In their experiment, the researchers asked over 2,000 volunteers to answer a series of questions first for themselves, and then as if they were answering the questions for a hypothetical person who was described as either conservative or liberal. What they found was that the self-answers (both liberal and conservative) were much closer together than the imaginary ones. When a liberal answered for a generic liberal, they exaggerated the liberal stereotype. When they answered for a generic conservative, they exaggerated the conservative stereotype, and conservatives did the same thing.

If this all sounds a bit abstract, then let me explain why I think it’s the gravest threat our nation faces by providing the same two quotes that Graham, Nosek and Haid did at the beginning of their article. First, representing the conservative side, we have a quote from Joseph Farah on WorldNetDaily:

The national Democratic Party is immoral to the core. Any American who would vote for Democrats is guilty of fostering the worst kind of degeneracy. The leaders of this party are severely out of touch with mainstream, traditional American values. They are crusaders for perversion, for licentiousness, for nihilism and worse.

Then, speaking for the liberals, we have a quote from Michael Feingold writing in the Village Voice:

Republicans don’t believe in the imagination, partly because so few of them have one, but mostly because it gets in the way of their chosen work, which is to destroy the human race and the planet. Human beings, who have imaginations, can see a recipe for disaster in the making; Republicans, whose goal in life is to profit from disaster and who don’t give a hoot about human beings, either can’t or won’t.

If we could write these off as shrill exceptions that would be bad enough, but we can’t. The research from Graham, Nosek and Haidt (and others) shows that this radicalized surrealism is pervasive. It’s also dangerous in two crucial ways

  1. To the extent that actual American politics are represented there’s no hope of real compromise.
  2. You can’t really represent all of American politics with two “sides”, but this polarity prevents innovation.

Both of these problems arise in the same way: the constant belief that the other is out to annihilate everything that is good and beautiful in the world creates a sense of perpetual panic. Any compromise with the adversary or wandering off thinking about things beyond the rudimentary party line could create a crack in the defense allowing the other guys to triumph. Nothing could be worse than that of course.

Here’s what I believe:

First, I believe that Americans from the left and right often do have common intuitions, goals, and aspirations that are masked by differing terminology and buried under pseudo-conflict. Second, I believe that not only compromise but positive political innovation are possible when the standoff can be defused and common ground can be accessed. Third, I believe that no matter how small any individuals influence may be, we all have a civic and moral imperative to opt out of the fear machine and engage in good faith discussion across ideological lines.

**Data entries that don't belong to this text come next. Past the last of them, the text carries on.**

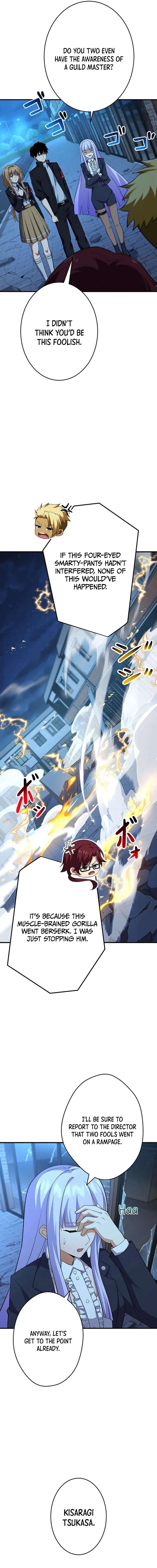 God-Slaying Copycat Chapter 34 – Page 4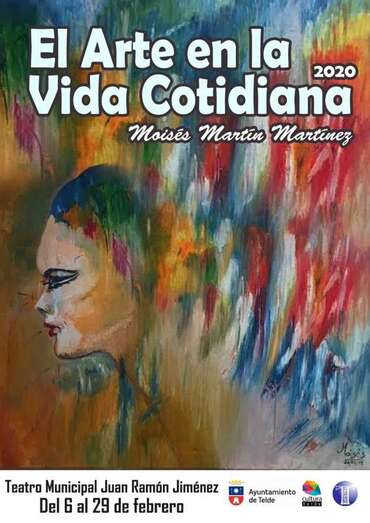 Cartel de la exposición (Foto TA)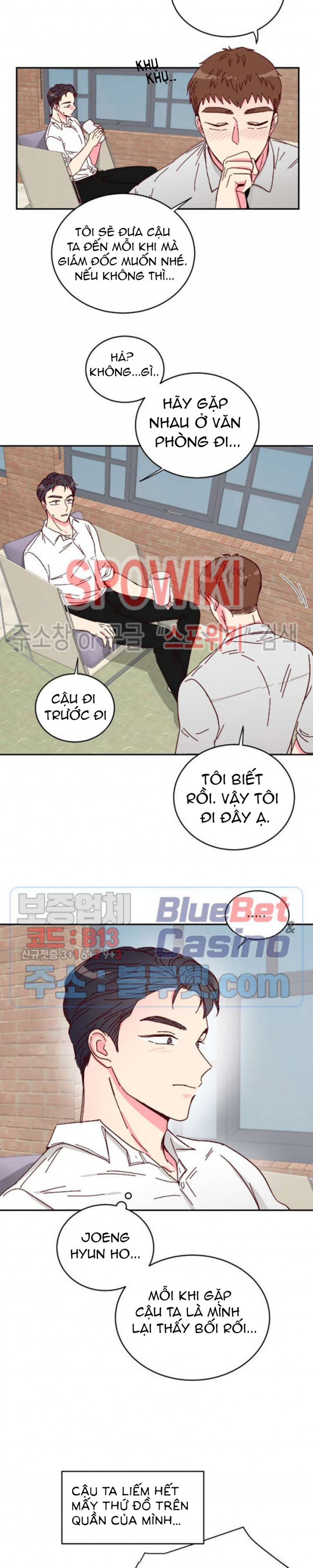 Đọc truyện Món Tráng Miệng Của Ngài Giám Đốc - Chapter 5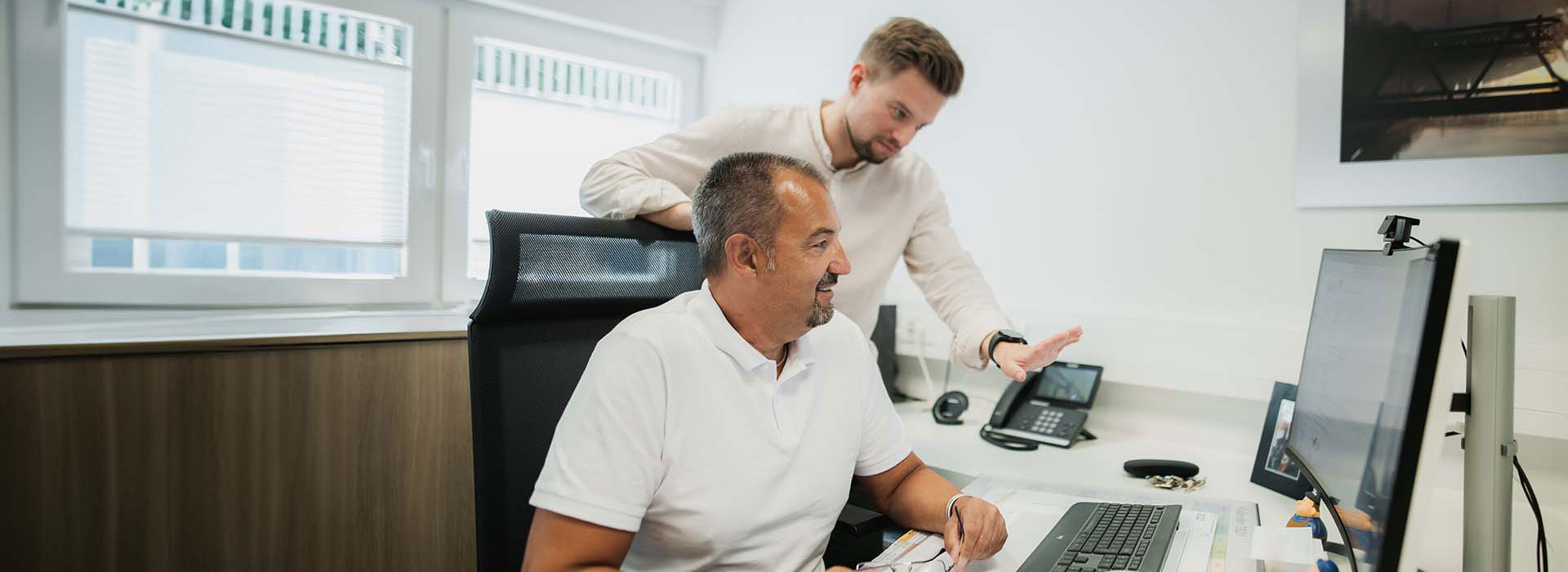 Büro und Verwaltung der IVT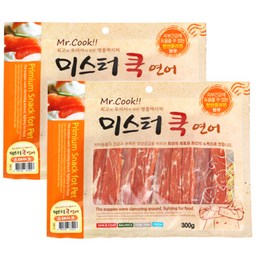 미스터쿡 강아지 스테이크 건조간식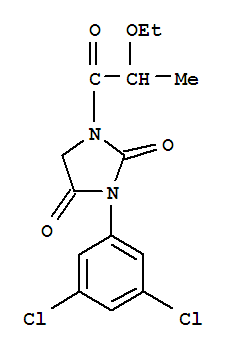 2,4-Imidazolidinedione,3-(3,5-dichlorophenyl)-1-(2-ethoxy-1-oxopropyl)-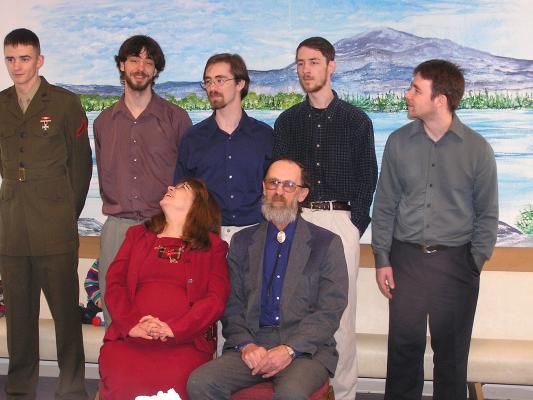Matthew, Michael, James, David, Robert, Beatrice, Robert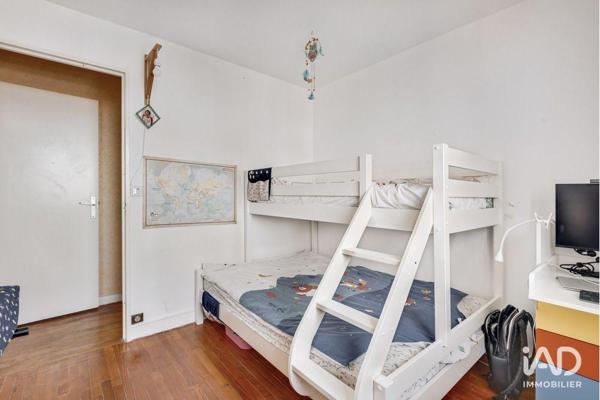 Appartement à vendre 3 pièces 57 m² Courbevoie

Right now the politicians are powerless to effect positive change because their incentives are dictated by our preferences. As long as we the people allow ourselves to be divided so starkly into warring camps we can forget any responsibility or maturity from Washington. Of course this doesn’t excuse individual acts of cravenness and corruption, but practically speaking we either improve American society or  we go down with the ship in one way or another (none of which are pleasant to imagine).

So, starting with this post, I’m going to do my part to put my money where my mouth is. I have ideas for real reform that fall outside the convenient definitions of right and left that could make our country a better place and, I think, find broad support. I have no idea if anything I write will ever have an impact. I hope in some tiny way it will. But, regardless of the outcome, I  believe that our nation needs a reboot and that it has to come from the citizens first. It’s an idea I think of as America 2.0, and I’m starting work on it today.